- Sukdal Location in West Bengal, India Sukdal Sukdal (India)
- Coordinates: 23°23′53″N 87°33′26″E﻿ / ﻿23.397922°N 87.557149°E
- Country: India
- State: West Bengal
- District: Purba Bardhaman

Area
- • Total: 4.57 km^{2} (1.76 sq mi)

Population (2011)
- • Total: 13,093
- • Density: 2,860/km^{2} (7,420/sq mi)

Languages
- • Official: Bengali, English
- Time zone: UTC+5:30 (IST)
- Vehicle registration: WB
- Website: purbabardhaman.gov.in

= Sukdal =

Sukdal is a census town in Galsi I CD Block in Bardhaman Sadar North subdivision of Purba Bardhaman district in the Indian state of West Bengal.

==Geography==

===Location===
Sukdal is located in the laterite plains between Damodar River and Ajay River. Khari or Khargeswari River flows through the area. It is believed that the river was earlier linked with the Damodar.

===Urbanisation===
73.58% of the population of Bardhaman Sadar North subdivision live in the rural areas. Only 26.42% of the population live in the urban areas, and that is the highest proportion of urban population amongst the four subdivisions in Purba Bardhaman district. The map alongside presents some of the notable locations in the subdivision. All places marked in the map are linked in the larger full screen map.

==Demographics==
As per the 2011 Census of India Sukdal had a total population of 13,093, of which 6,731 (51%) were males and 6,362 (49%) were females. Population below 6 years was 1,159. The total number of literates in Sukdal was 10,441 (87.49% of the population over 6 years).
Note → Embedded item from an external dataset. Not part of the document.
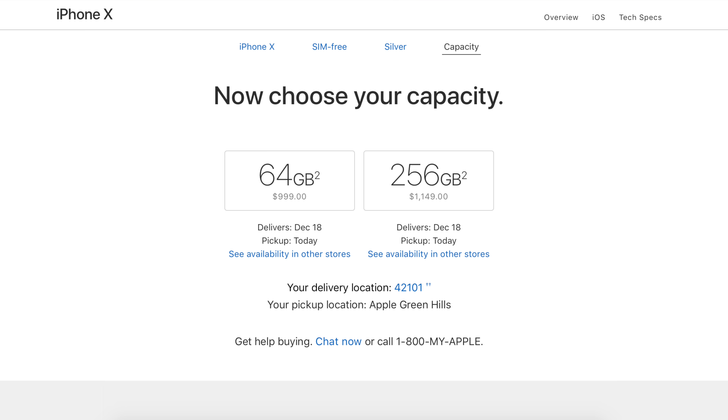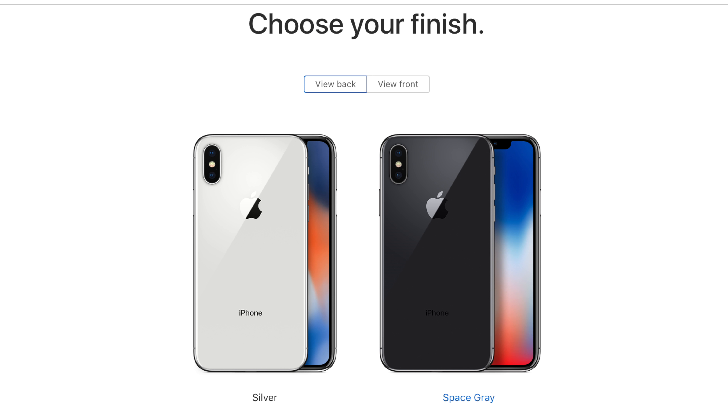One of the things that really stumps me on the iPhone 10 is the price tag. If you go to Apple's website, you can see the phone is close to anywhere from a thousand to twelve hundred dollars, depending on whether you actually want to get a decent amount of memory on the phone.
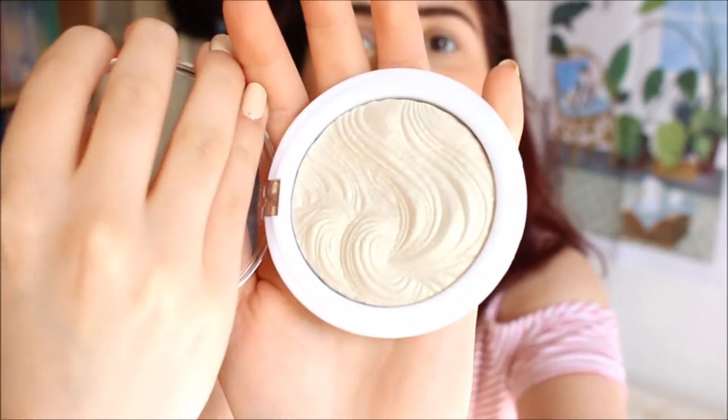I won this highlighter in a giveaway and I've been holding off trying it to do a first impression, and I think this video is the perfect opportunity. I like to use my fingers to apply it, then do my brow bone, nose, cupid's bow, and cheeks. It's quite nice actually — it's a powder highlighter so it's easy to apply. I'm going to be a golden goddess!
As of 2001 India census, Sukdal had a population of 11,785. Males constitute 53% of the population and females 47%. Sukdal has an average literacy rate of 74%, higher than the national average of 59.5%: male literacy is 80%, and female literacy is 67%. In Sukdal, 10% of the population is under 6 years of age.

==Infrastructure==
As per the District Census Handbook 2011, Sukdal covered an area of 4.57 km^{2}. It had 32 km roads. Amongst the medical facilities, the nearest nursing home was 1 km away and the nearest veterinary hospital was 40 km away. It had 1 medicine shop. Amongst the educational facilities it had was 6 primary schools, 1 middle school, 1 secondary school and 1 senior secondary school. The nearest degree college was at Mankar 5 km away.

==Education==
Sukdal has five primary and one secondary schools.